Oft wird der bewaffnete Kampf auch überhöht und als einziger Weg zur sozialen Befreiung dargestelt. Wie seht ihr das?

Ich sehe das so, daß der Krieg nicht nur mit den Waffen geführt wird, sondern auch mit der politischen Arbeit an der Basis. Die Bewußtseinsarbeit ist für mich eine gleichwertige Sache. Es ist eine persönliche Entscheidung jedes einzelnen, wo er sich engagiert.

Spielen die Frauenorganisationen auch eine Rolle im Prozeß der Friedensverhandlungen?

Es gibt in El Salvador die „Nationale Debatte“, an der sich 70 Organisationen beteiligen und Vorschläge ausarbeiten, wie der Krieg beendet werden kann. Das sind Organisationen der Kirche, der Gewerkschaften, von kleinen und mittleren Unternehmern, Studenten und auch die Frauenorganisationen. Wir haben dabei aber keine eigenen, frauenspezifischen Vorschläge. Wie alle anderen wollen wir die Achtung der Menschenrechte, Gerechtigkeit und Frieden.

Deine Vorgängerin ist von den Militärs ermordet worden. Wie erklärt sich diese Repression gegen Frauengruppen, die in erster Linie Bildungs- und Forschungsarbeit machen?

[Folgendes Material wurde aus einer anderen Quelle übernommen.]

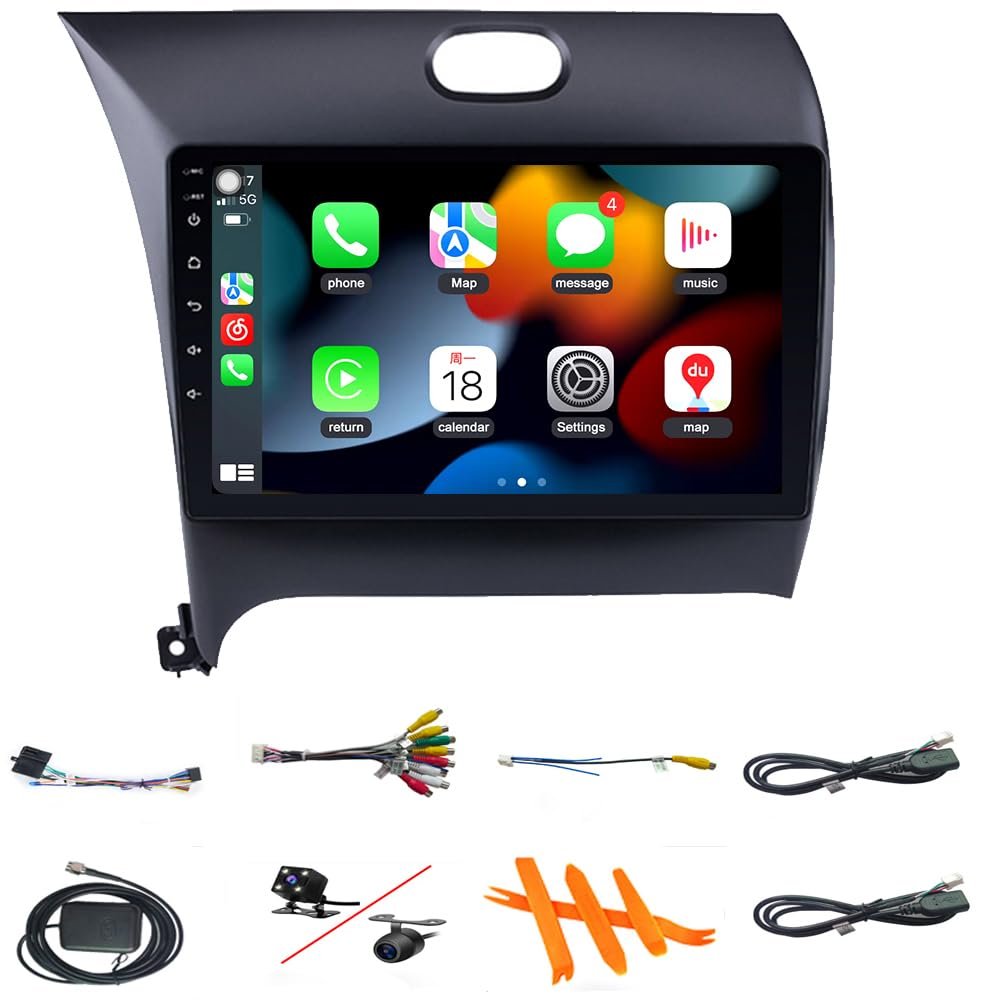 4G+64G for KIA Cerato K3 Forte Radio 2013-2018 Android 13 with Built-in DSP Wireless Carplay Android Auto with Free Backup Camera 9 IPS Touch Screen GPS Navigation for Car Stereo Head Unit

Der Sinn unserer Arbeit ist ja, daß die Frauen die Ursachen ihrer Probleme klar sehen. Die Regierung hat erkannt, daß die Frauen ein sehr großes Potential darstellen. Sie hat Angst davor, daß Frauen zu einem wichtigen Faktor der gesellschaftlichen Veränderung werden könnten. Deshalb versucht sie, solche Gruppen auszuschalten.

Wie siehst du nach deiner Reise die Möglichkeiten der Solidaritätsarbeit hier?

Ich hatte bei vielen Solidaritätskomitees das Gefühl, daß sie nach all den Veränderungen in der Welt sehr deprimiert sind. Sie glauben, daß ihre Arbeit überhaupt keinen Sinn mehr hat. Meine wichtigste Bitte ist deshalb, daß sie uns nicht vergessen. Hier in Europa verändert sich alles. Aber bei uns gibt es immer noch dieselbe Ungerechtigkeit, dieselbe Repression, dasselbe Elend.